When he first came to England he had to win over prejudices against his physique.

Brian Bevan's signing for Warrington Wolves and career stats

Warrington offered him an 'A' team trial though and it proved to be a match made in heaven, despite Leeds not fancying him after they had first look.

Bevan became a permanent fixture on the Wire wing for 16 years.

He made his first team Warrington debut at home to Oldham on November 17, 1945, and made a tearful farewell appearance against Leigh on Easter Monday in 1962.

With Bevan in their side, Warrington won 12 major trophies. They won the Rugby League Championship, three times; the Challenge Cup, twice; the Lancashire League, six times and the Lancashire Cup, once.

Bev topped Warrington's try-scoring list every season from 1946/47 to 1960/61 except for 1956/57 when he was hit with injuries.

He scored seven tries in a match twice, six tries in a match four times, five tries in a match six times and four tries in a match 20 times. Bevan also scored 66 hat-tricks.

His side-step was a powerful weapon, possibly second only to his outstanding speed. He also had the ability to swerve away from defenders and to pull up to a stop in an instant.

All of these skills were called upon as he made a fool of even the best of defenders.

Brian Bevan growing up in his native Australia

Bevan was born in Sydney on June 24, 1924.

And as a boy, he spent hours on Bondi Beach, surfing and swimming and developing a seemingly frail body into a fighting frame.

When he first played rugby at primary school, he was a stand off but he fractured an elbow in one game and his father, Rick, who had played for top Sydney Rugby League side Eastern Suburbs during the 1920s, advised him to move out to the wing.

His father took him to all the big rugby league games at the Sydney Cricket Ground and, on his way home, young Bev would side-step all the telegraph poles.

As a youngster, he used to play with 26 marbles, imagining they were 26 rugby league players and, using his finger as the ball, he would work out different moves.

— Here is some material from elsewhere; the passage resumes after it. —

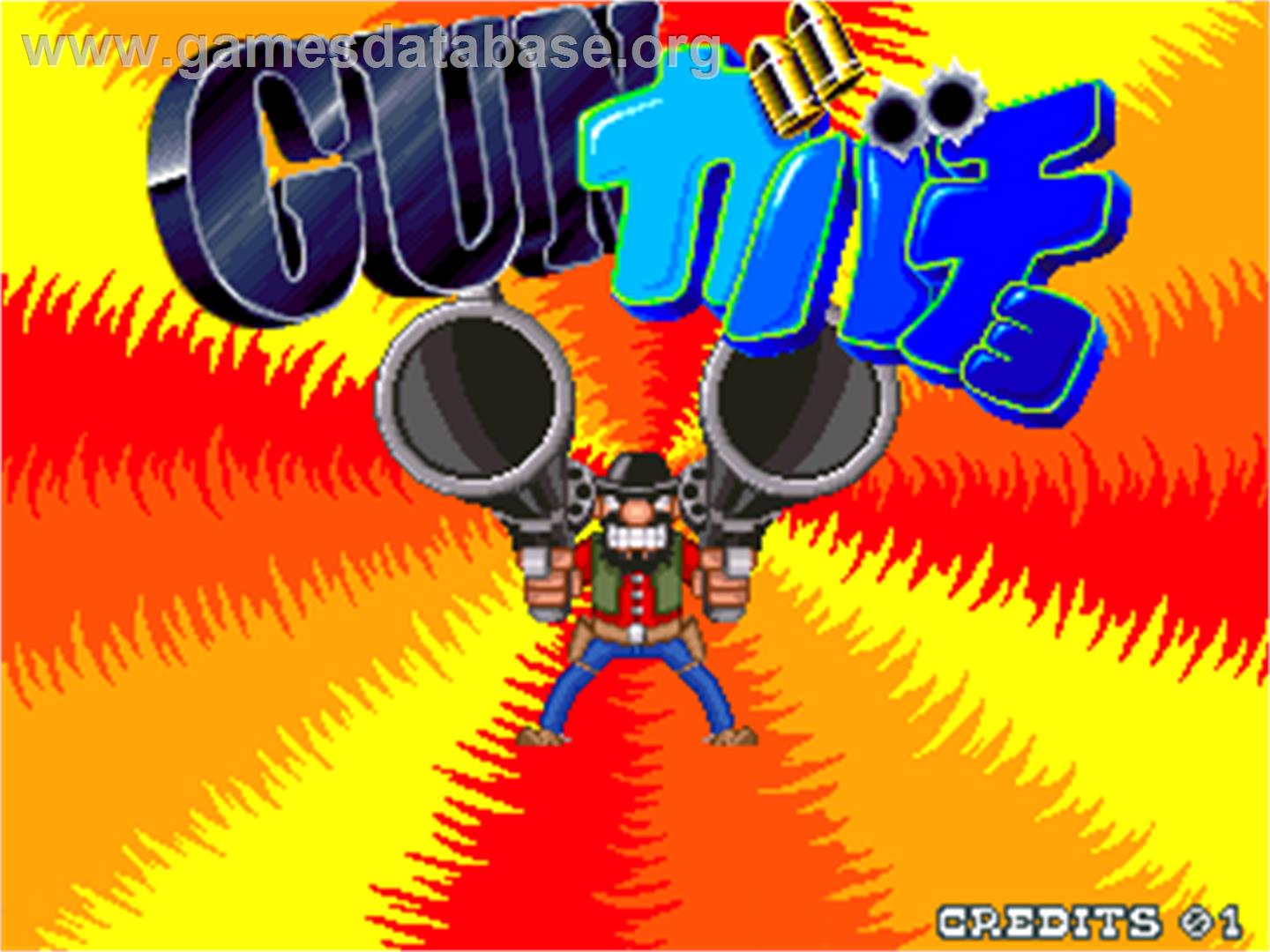 Gun Gabacho - Arcade - Artwork - Title Screen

But he enjoyed, and excelled at most sports. Particular favourites were swimming, athletics and cricket.

As a 12-year-old Bevan was the New South Wales sprint champion and he once hit 127 runs not out for his school's first XI.

Brian Bevan's Navy days

On leaving school, Bevan took up an apprenticeship in the printing trade.

But the world was still at war and, in 1942, he joined the Australian Navy at Cairns.

Bevan spent most of his days at sea aboard the HMS Katoomba.

He was chosen to play rugby for the Navy and was rushed ashore but only arrived at the ground after the game had started.

However, wearing a borrowed pair of torn and baggy shorts, he entered the fray and bewildered the opposition by scoring six tries without a hand being laid on him.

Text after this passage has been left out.